=== Records shown ===

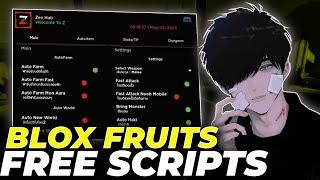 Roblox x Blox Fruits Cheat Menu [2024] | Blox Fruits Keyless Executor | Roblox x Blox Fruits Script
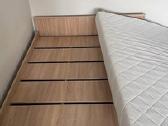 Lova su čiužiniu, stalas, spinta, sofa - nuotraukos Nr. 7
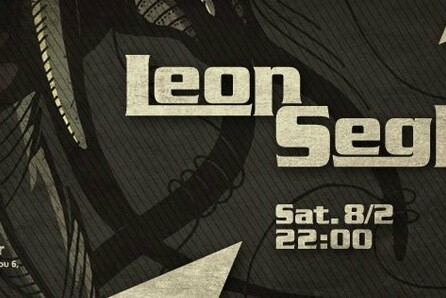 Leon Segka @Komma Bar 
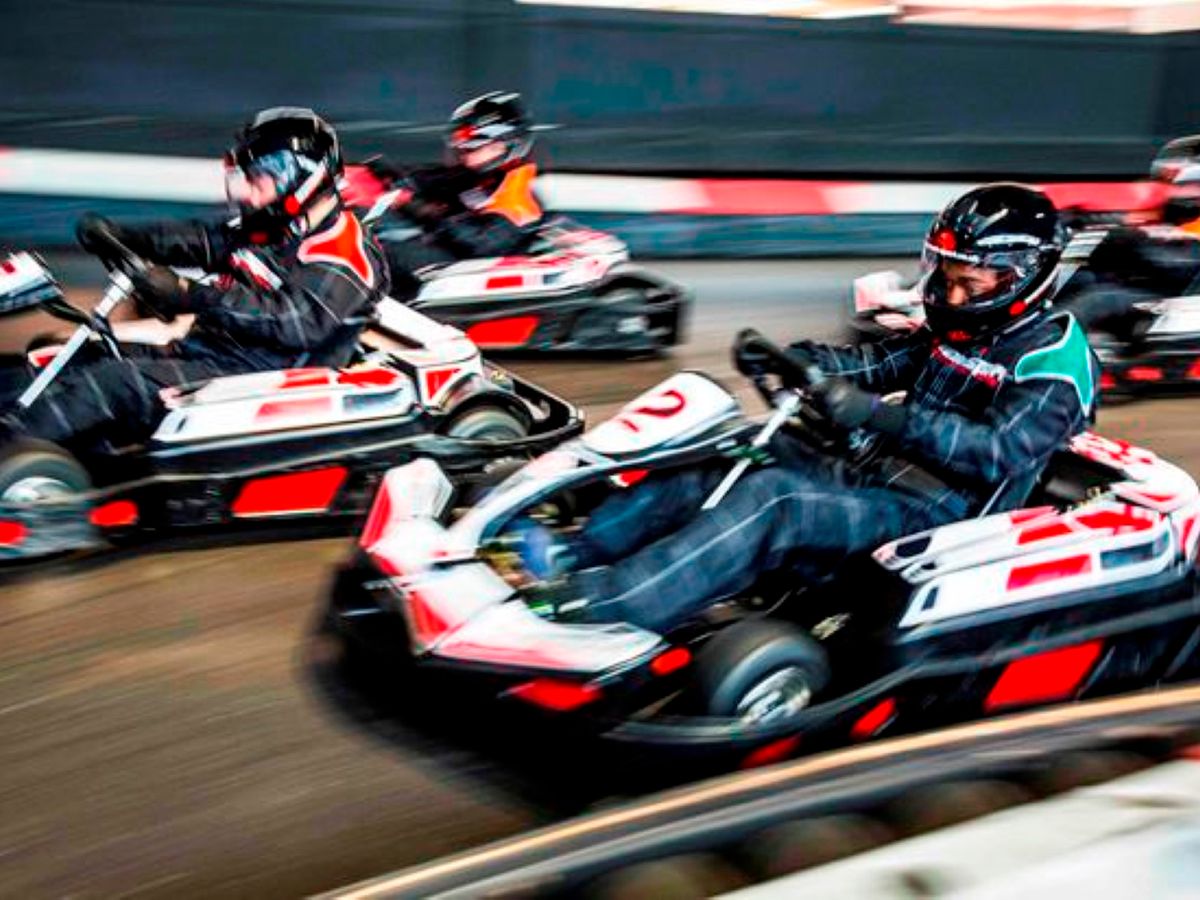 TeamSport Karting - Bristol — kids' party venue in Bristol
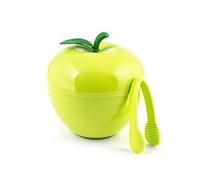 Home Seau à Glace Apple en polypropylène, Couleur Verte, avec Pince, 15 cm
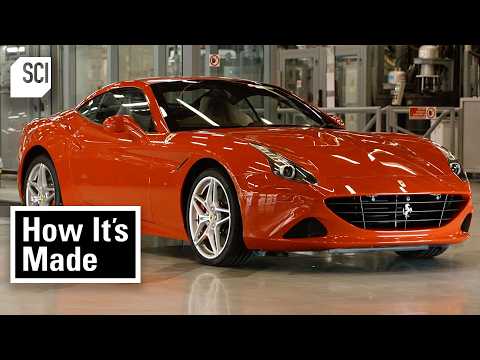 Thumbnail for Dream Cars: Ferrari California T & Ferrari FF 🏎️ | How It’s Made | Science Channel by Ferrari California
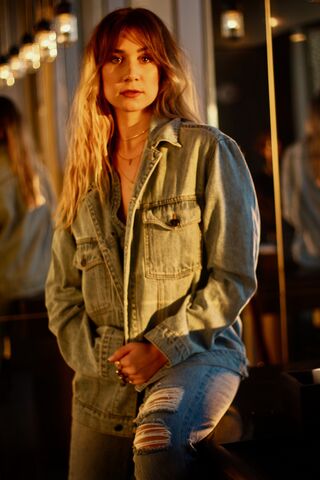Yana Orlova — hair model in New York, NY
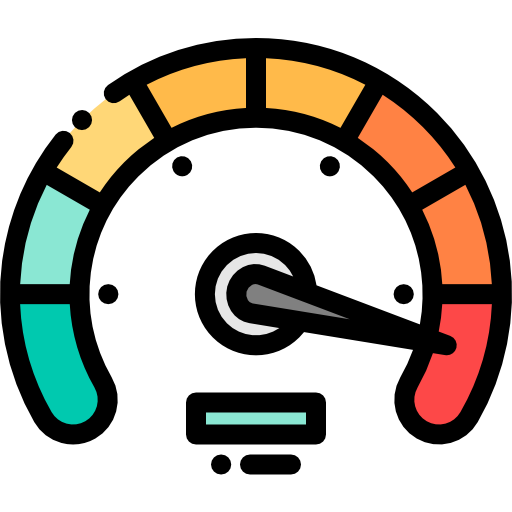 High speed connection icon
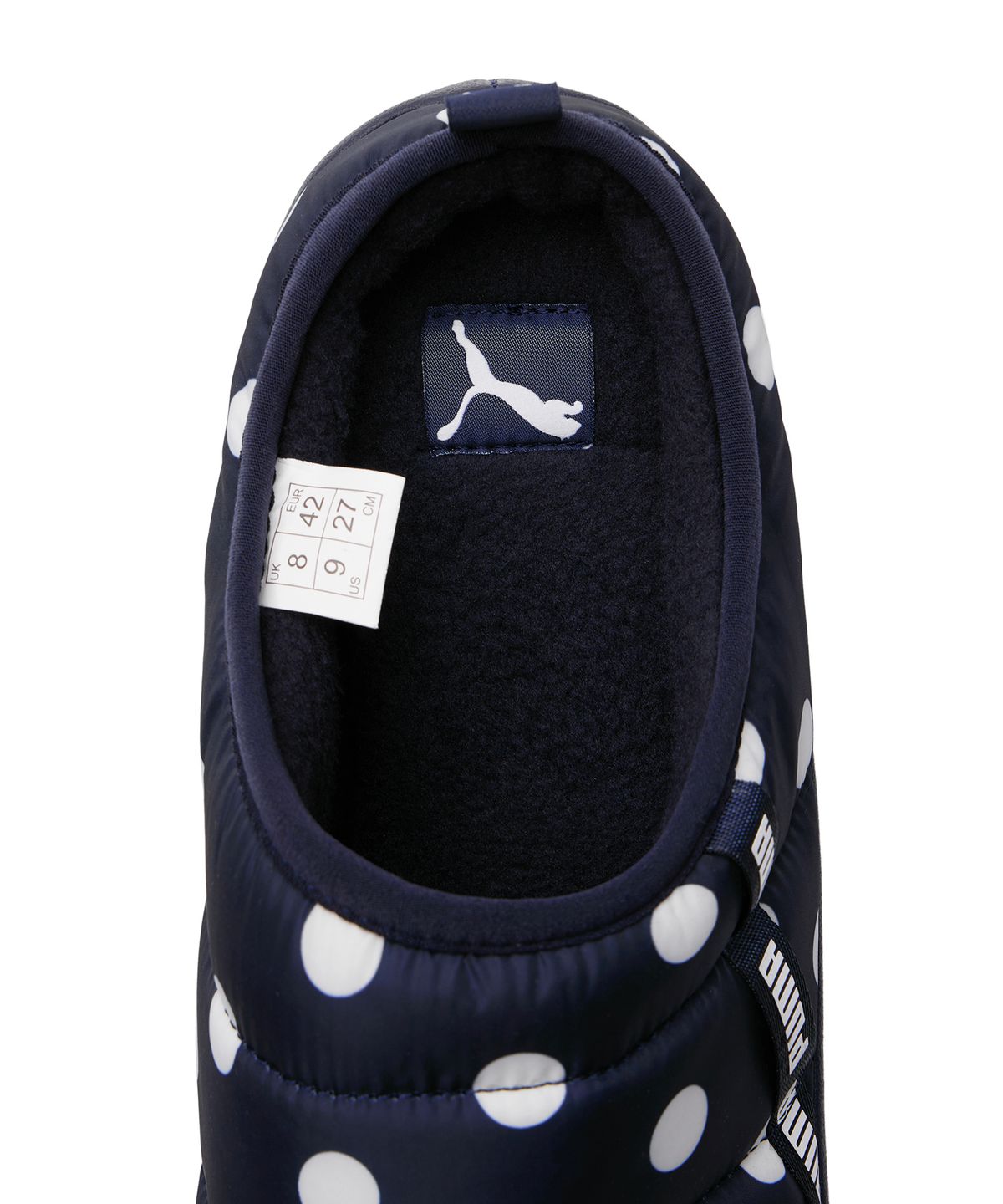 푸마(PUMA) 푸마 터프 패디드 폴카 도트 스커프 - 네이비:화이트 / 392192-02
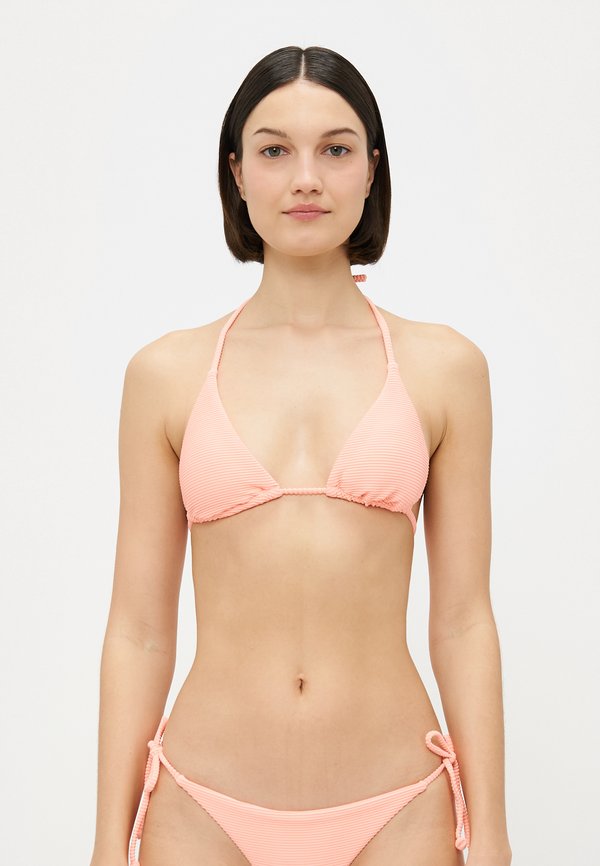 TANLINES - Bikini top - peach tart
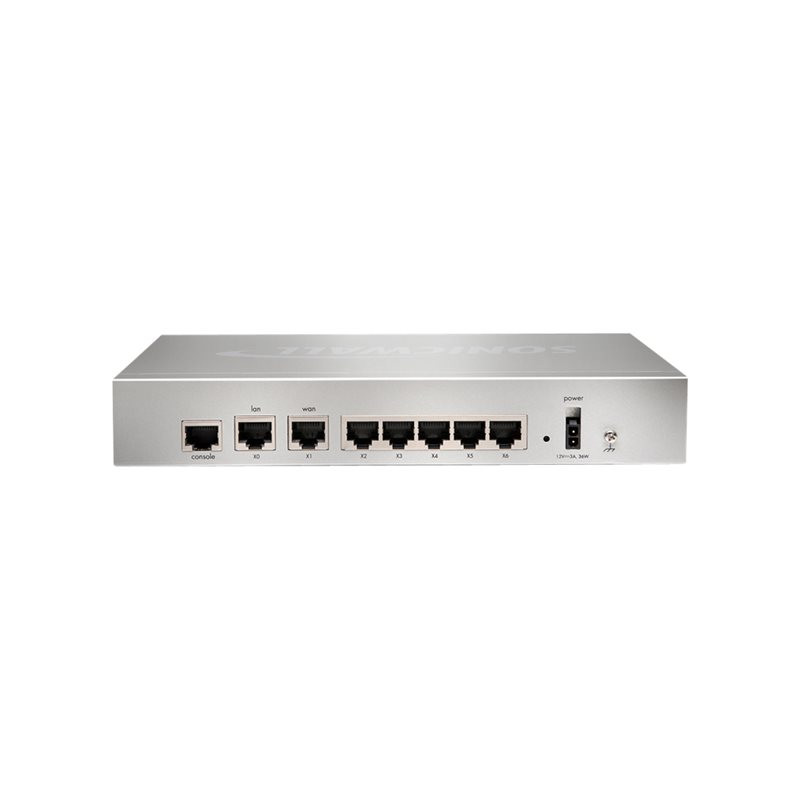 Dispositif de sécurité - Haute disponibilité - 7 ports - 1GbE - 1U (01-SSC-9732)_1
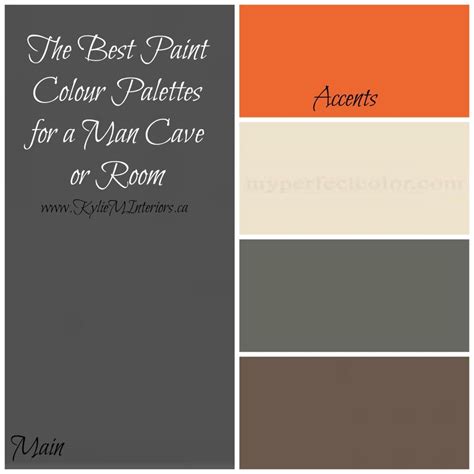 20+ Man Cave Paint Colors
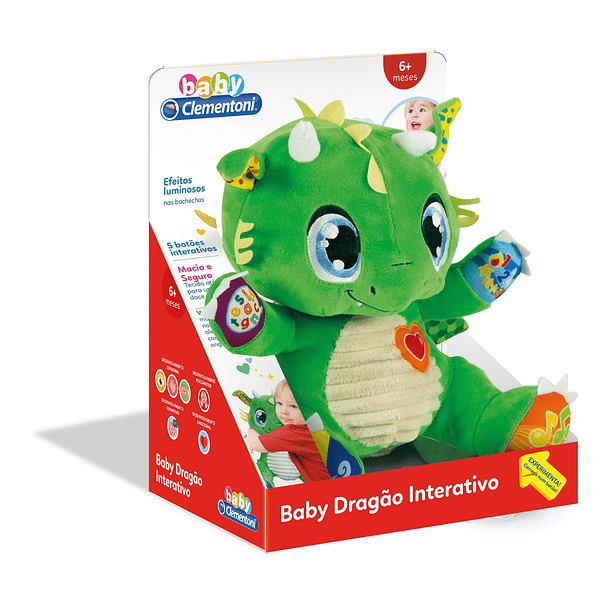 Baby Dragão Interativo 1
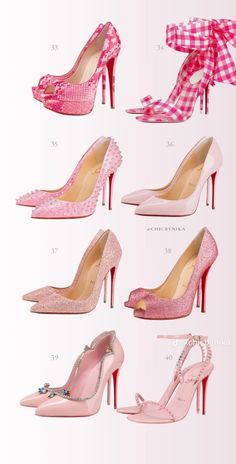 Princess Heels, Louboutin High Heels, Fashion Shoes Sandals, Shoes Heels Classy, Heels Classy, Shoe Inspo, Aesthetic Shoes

===

_Exercise directions_: Write the entries out again word for word. Omit all pictures from them.

_Task result_:
 Roblox x Blox Fruits Cheat Menu [2024] | Blox Fruits Keyless Executor | Roblox x Blox Fruits Script
 Lova su čiužiniu, stalas, spinta, sofa - nuotraukos Nr. 7
 Leon Segka @Komma Bar 
 TeamSport Karting - Bristol — kids' party venue in Bristol
 Home Seau à Glace Apple en polypropylène, Couleur Verte, avec Pince, 15 cm
 Thumbnail for Dream Cars: Ferrari California T & Ferrari FF 🏎️ | How It’s Made | Science Channel by Ferrari California
Yana Orlova — hair model in New York, NY
 High speed connection icon
 푸마(PUMA) 푸마 터프 패디드 폴카 도트 스커프 - 네이비:화이트 / 392192-02
 TANLINES - Bikini top - peach tart
 Dispositif de sécurité - Haute disponibilité - 7 ports - 1GbE - 1U (01-SSC-9732)_1
 20+ Man Cave Paint Colors
 Baby Dragão Interativo 1
 Princess Heels, Louboutin High Heels, Fashion Shoes Sandals, Shoes Heels Classy, Heels Classy, Shoe Inspo, Aesthetic Shoes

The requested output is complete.